If I know two points, how can I calculate a parabola?

Question

I'm trying to calculate the path of a snowball that is starting at (1,1) and arcing over to (5,3) Any thoughts on how to write out the equation?

I'm trying to calculate the path of a snowball that is starting at (1,1) and arcing over to (5,3) Any thoughts on how to write out the equation?
I want to be able to generate random parabolas based on teh x of the vertex being somewhere between the to points, i.e. the vertex would be (3,Yv) How do I solve for Yv?

Answer 1

There are many parabolas that go through those points.

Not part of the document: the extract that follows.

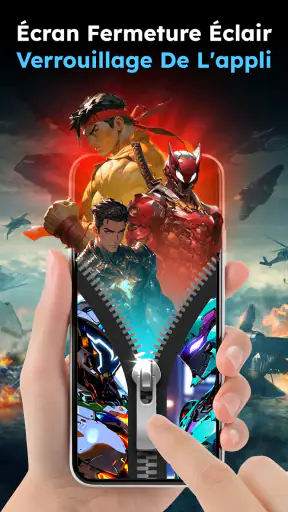 Zipper Lock Wallpapers Screen screenshot 9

For example if you want one of the form y=ax^2+bx,you can substitute in (1,1) and get a+b=1 and then substitute in (5,3) and get 25a+5b=3. Solving a=-1/10 and b=11/10. This gives a parabola y=-1/10x^2+11/10x which goes through the given points, but it is one of many. Any more constraints?

Answer 2

Parabola is y = ax² + bx + c. 2 points don't determine a parabola uniquely unless you know one of the coefficients, or unless one point is the vertex. In this case, the a coefficient is -16 ft/s² if the snowball is on this planet. So plugging in the points gives us

1 = -16(1)² + b(1) + c
3 = -16(5)² + b(5) + c

subtracting gives

2 = -16(24) + 4b
4b = 386
b = 96.5

then get c from
3 = -16(5)² + 96.5(5) + c
3 = -400 + 482.5 + c
c = -79.5

which isn't realistic, since c is the starting height. Without a 3rd point or other special information, this is the best you can do.

Answer 3

the equation of parabola is A x^2 + B x + C = 0
there are 3 unknown A ,B & C
You need 3 points to substitute to solve this problem
lacking one point

Answer 4

Actually, there are an infinite number of parabolas that can pass through those two points. You need either a third point or one of the coefficients in the polynomial in order to have a unique solution.

Answer 5

As stated above you would either need a 3rd point, or the acceleration of the snowball. Are you assuming that it is carried downward by gravity at 9.8 m/s²?